_RECORD SET_
+++
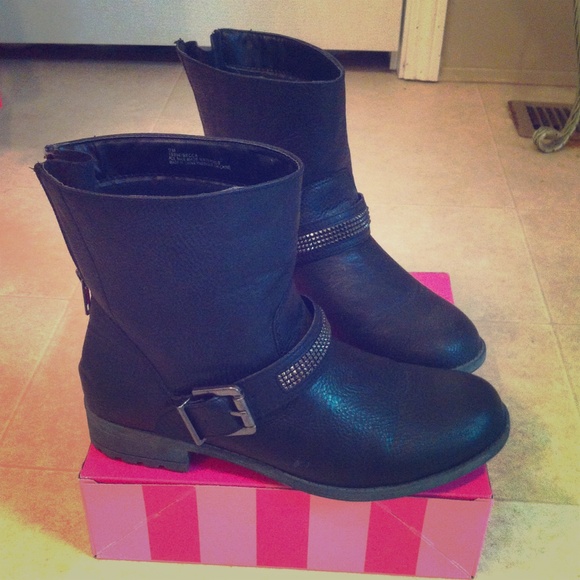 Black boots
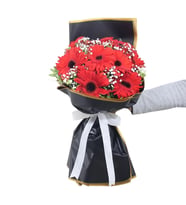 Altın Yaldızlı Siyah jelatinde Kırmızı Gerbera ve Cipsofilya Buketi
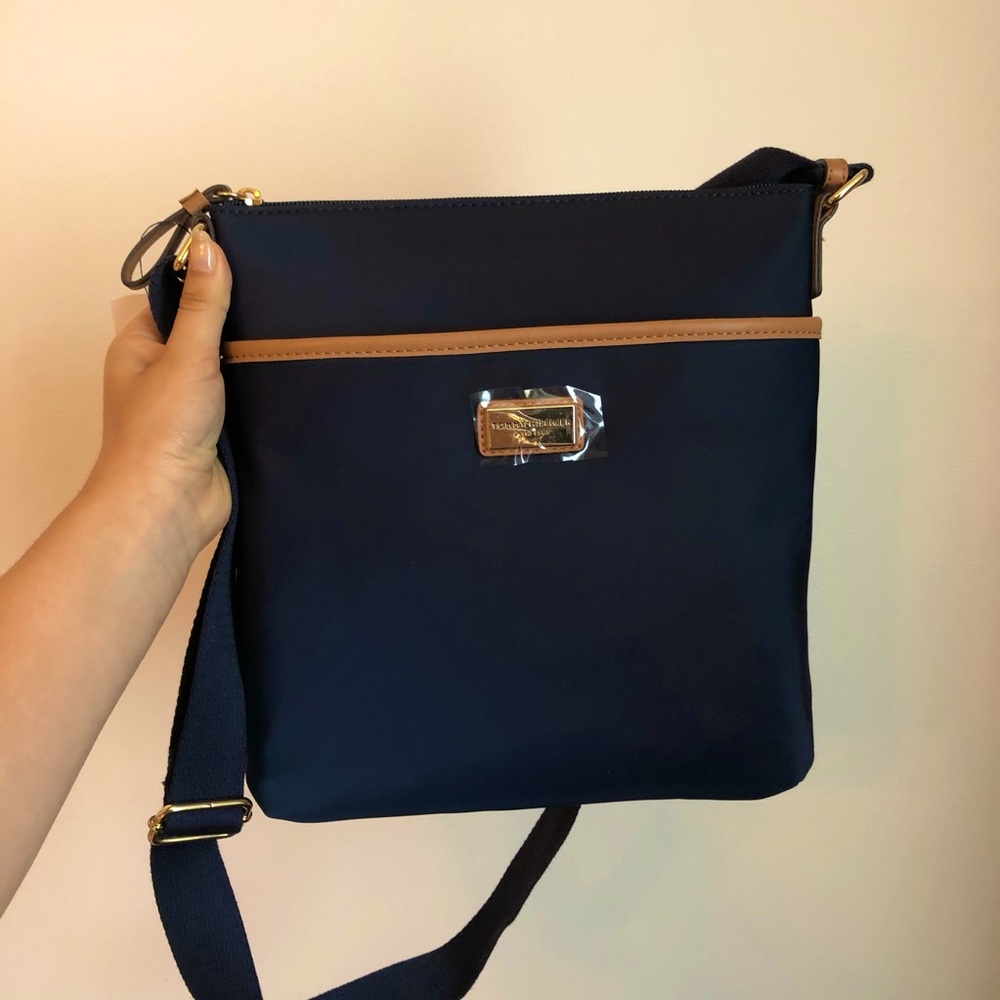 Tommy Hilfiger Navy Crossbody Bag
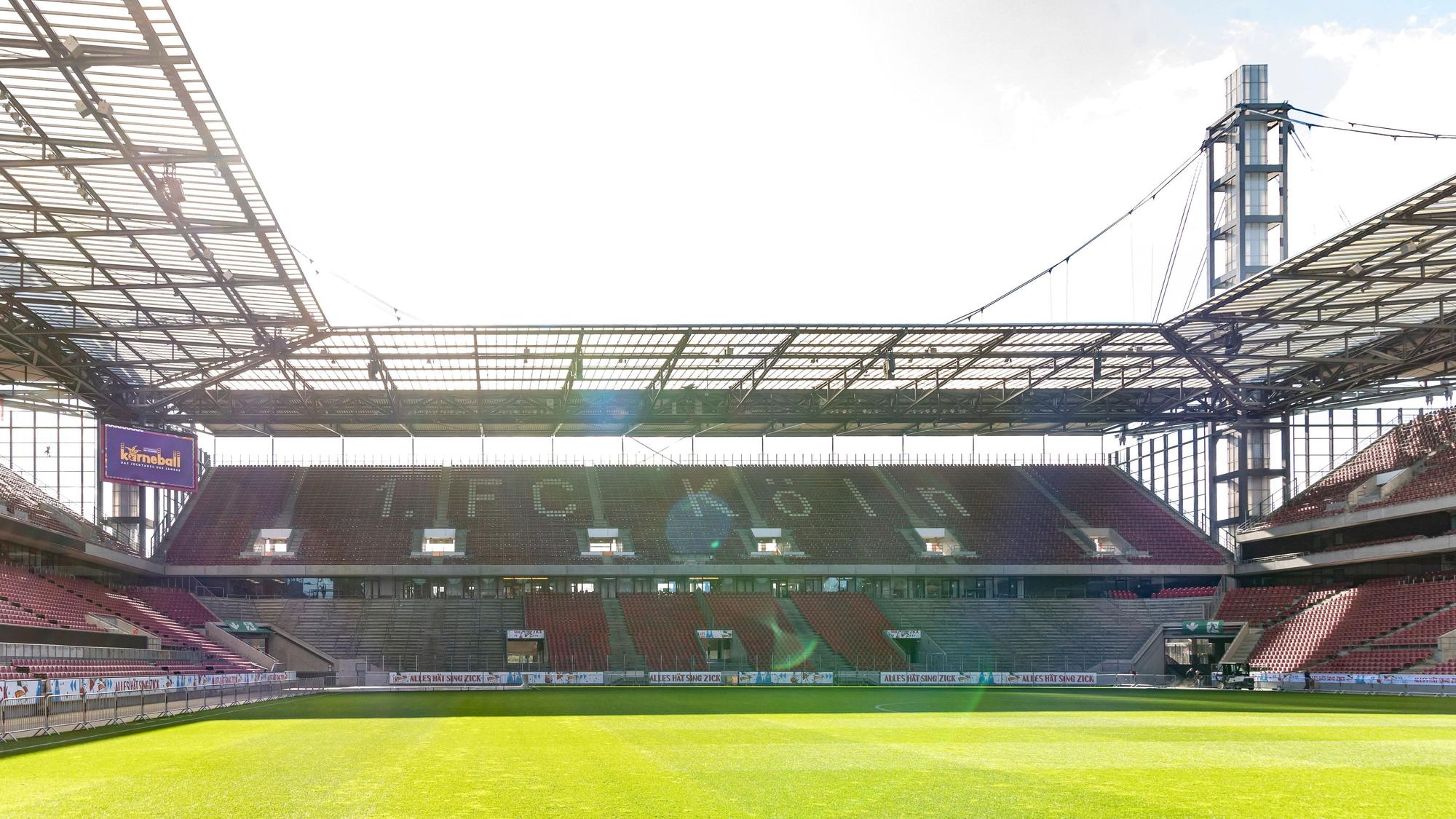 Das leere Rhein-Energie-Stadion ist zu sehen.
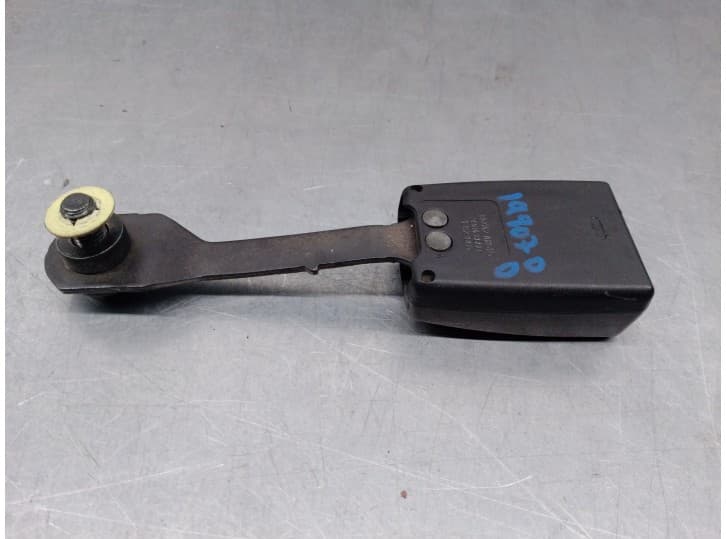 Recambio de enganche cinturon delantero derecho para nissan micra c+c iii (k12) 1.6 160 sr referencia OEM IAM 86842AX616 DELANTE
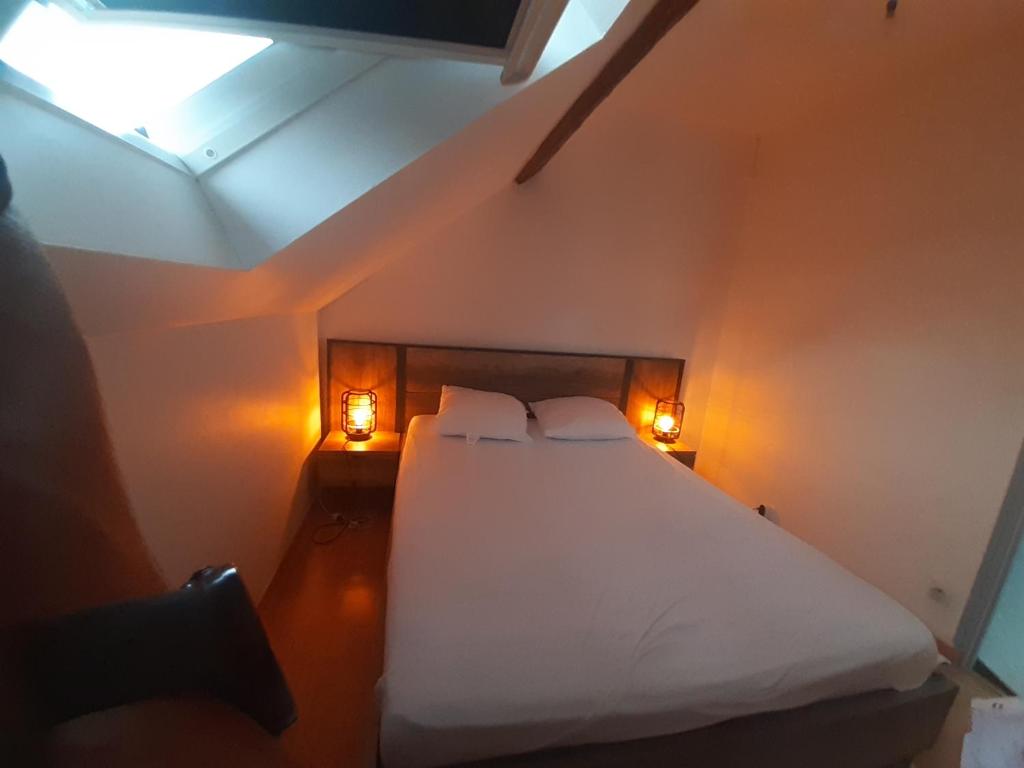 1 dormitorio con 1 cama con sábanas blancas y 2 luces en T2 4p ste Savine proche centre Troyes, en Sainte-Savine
+++
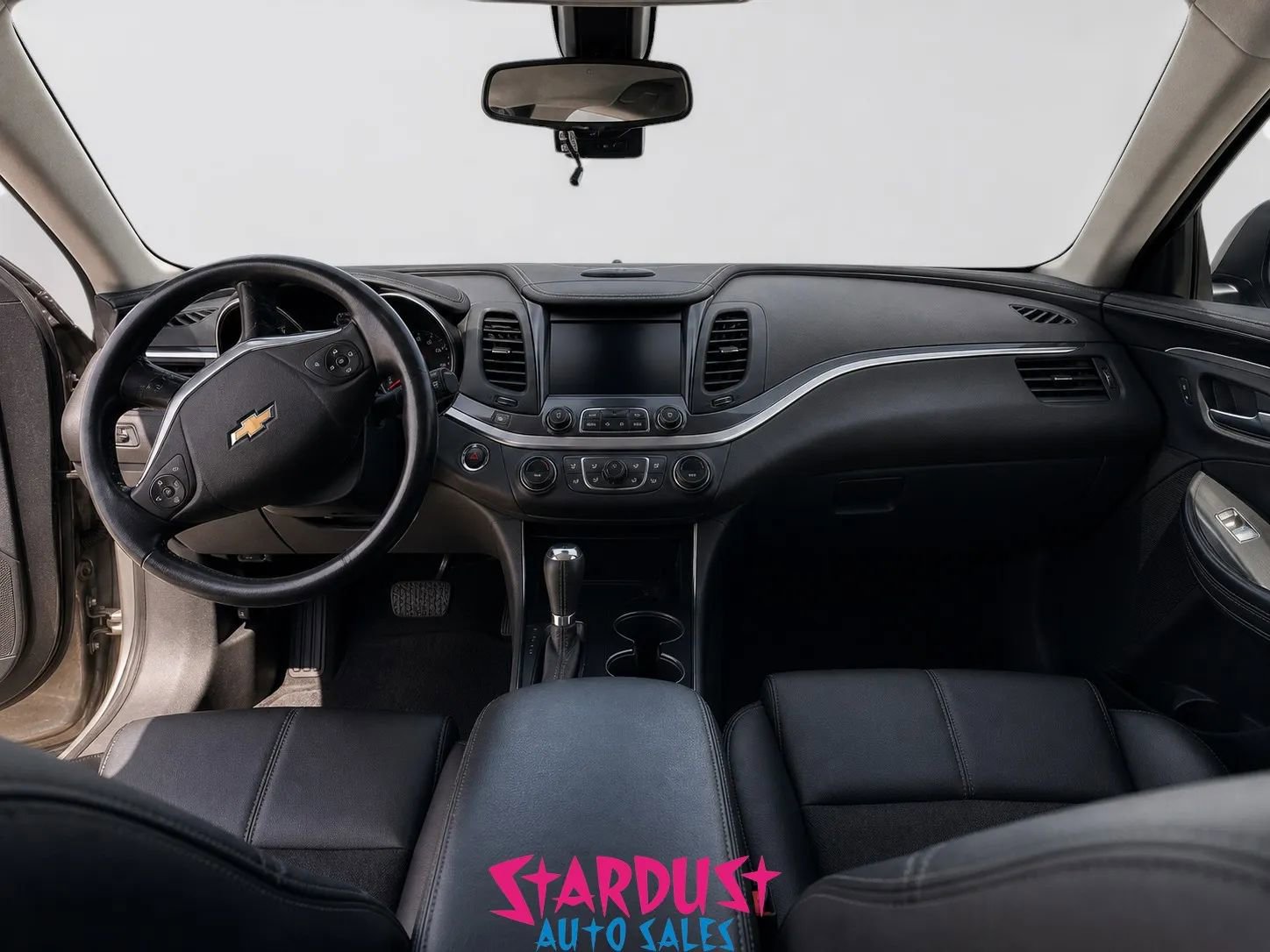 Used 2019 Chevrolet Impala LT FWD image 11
+++
_EXERCISE DETAILS_
In the listing above, find the line containing "Black boots" and the line containing "1 dormitorio con", then return both of them and every line between, exactly, without pictures.

_OUTPUT_
 Black boots
 Altın Yaldızlı Siyah jelatinde Kırmızı Gerbera ve Cipsofilya Buketi
 Tommy Hilfiger Navy Crossbody Bag
 Das leere Rhein-Energie-Stadion ist zu sehen.
 Recambio de enganche cinturon delantero derecho para nissan micra c+c iii (k12) 1.6 160 sr referencia OEM IAM 86842AX616 DELANTE
 1 dormitorio con 1 cama con sábanas blancas y 2 luces en T2 4p ste Savine proche centre Troyes, en Sainte-Savine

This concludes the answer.